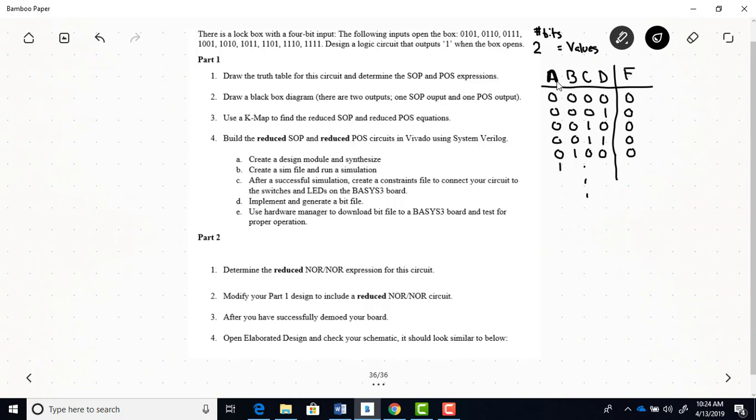But the first time it's a 0. So the first time, or the first combination that the locked box would actually open is when you have a binary 5, right? But you can complete this on your own.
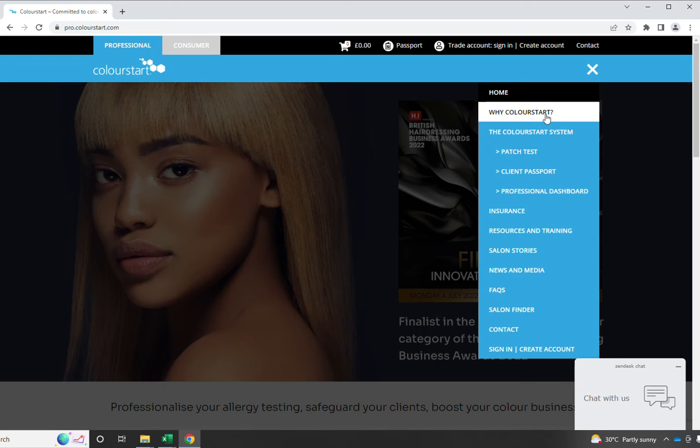Then we've got this extensive drop down menu, which provides much more information than you may have seen in the past to help you use ColourStart in your business.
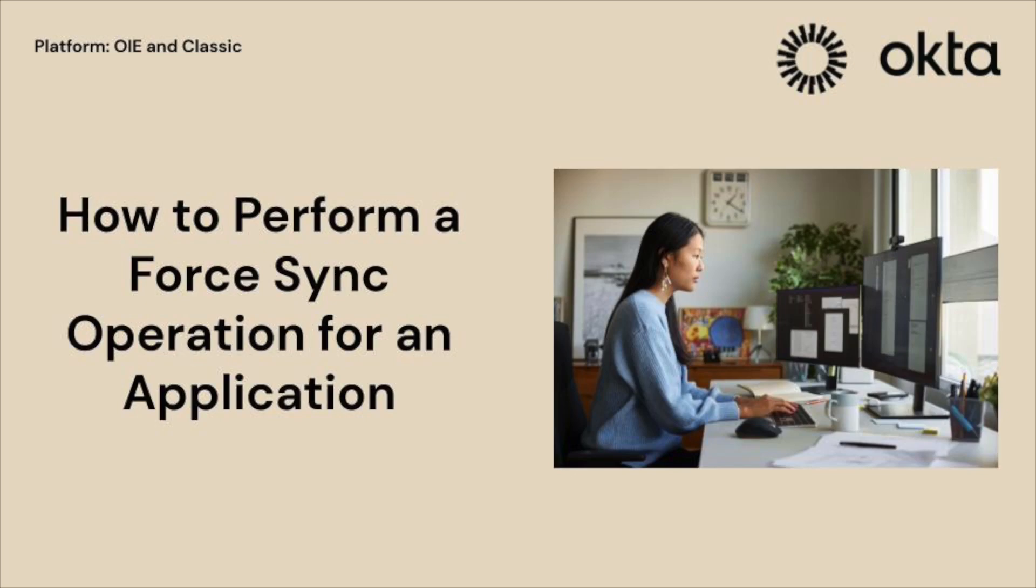Hello and welcome to Okta's support video series. In this video we will discuss how to run a force sync operation.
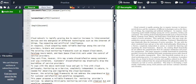Welcome to the second part of the LaTeX tutorial. In this session we will learn how we can apply basic formatting in LaTeX. I have opened a new document in LaTeX in Overleaf.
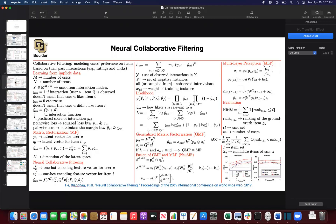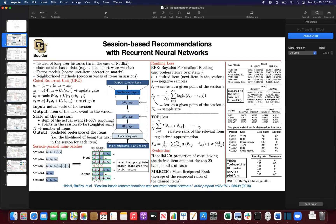Last session we stopped at neural collaborative filtering. A quick recap: we started with session-based recommendation systems, then reformulated the recommendation problem as next token prediction or next item prediction, where items were encoded as integers. This reminded us of natural language, which is also a sequence of integers, leading us to recurrent neural networks and in particular gated recurrent units.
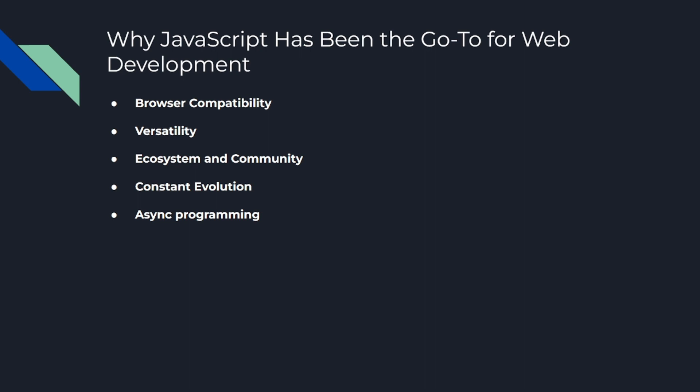Number five is async programming. JavaScript's event-driven, non-blocking model is perfect for handling multiple concurrent requests, which is common in web programming. This makes JavaScript a great choice for building performant and highly scalable applications. But remember, no language is perfect, and that includes JavaScript. Its quirks can sometimes make it tricky to work with, and the sheer size of its ecosystem can be overwhelming.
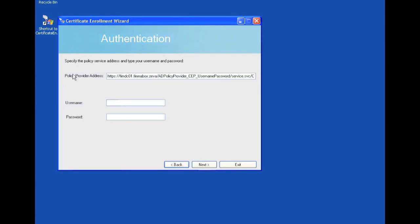So here we have the policy provider address. Here we can type in the username and password of a user. We support not only password authentication, but Kerberos and certificate authentication. But for the sake of this demo, I'm just going to show you the user authentication. And this user's identity will be passed to the end system PKI for evaluation.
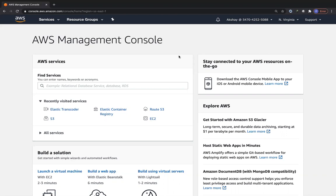ACM helps you integrate your certificates with a lot of different AWS services. You can integrate it with CloudFront for customized SSL domains instead of using the default CloudFront SSL certificate. You can also integrate it with Amazon API Gateway, Application Load Balancer, and Network Load Balancer, providing security in transit.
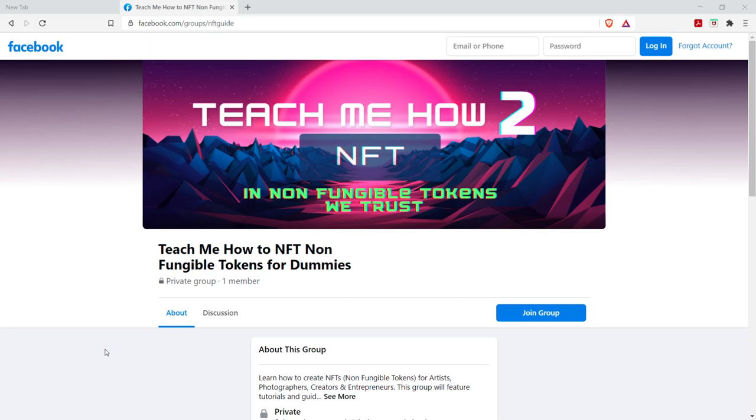All right, guys, in this video, I'm going to show you how to create your wax wallet. First of all, I started this group, Teach Me How to NFT.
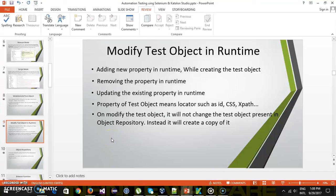Hello everyone. Well in this video I am going to discuss how you can update the existing property of a test object.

## Work request
The records above are to be transcribed word for word. Skip the images.

## Answer for this exercise
But the first time it's a 0. So the first time, or the first combination that the locked box would actually open is when you have a binary 5, right? But you can complete this on your own.
Then we've got this extensive drop down menu, which provides much more information than you may have seen in the past to help you use ColourStart in your business.
Hello and welcome to Okta's support video series. In this video we will discuss how to run a force sync operation.
Welcome to the second part of the LaTeX tutorial. In this session we will learn how we can apply basic formatting in LaTeX. I have opened a new document in LaTeX in Overleaf.
Last session we stopped at neural collaborative filtering. A quick recap: we started with session-based recommendation systems, then reformulated the recommendation problem as next token prediction or next item prediction, where items were encoded as integers. This reminded us of natural language, which is also a sequence of integers, leading us to recurrent neural networks and in particular gated recurrent units.
Number five is async programming. JavaScript's event-driven, non-blocking model is perfect for handling multiple concurrent requests, which is common in web programming. This makes JavaScript a great choice for building performant and highly scalable applications. But remember, no language is perfect, and that includes JavaScript. Its quirks can sometimes make it tricky to work with, and the sheer size of its ecosystem can be overwhelming.
So here we have the policy provider address. Here we can type in the username and password of a user. We support not only password authentication, but Kerberos and certificate authentication. But for the sake of this demo, I'm just going to show you the user authentication. And this user's identity will be passed to the end system PKI for evaluation.
ACM helps you integrate your certificates with a lot of different AWS services. You can integrate it with CloudFront for customized SSL domains instead of using the default CloudFront SSL certificate. You can also integrate it with Amazon API Gateway, Application Load Balancer, and Network Load Balancer, providing security in transit.
All right, guys, in this video, I'm going to show you how to create your wax wallet. First of all, I started this group, Teach Me How to NFT.
Hello everyone. Well in this video I am going to discuss how you can update the existing property of a test object.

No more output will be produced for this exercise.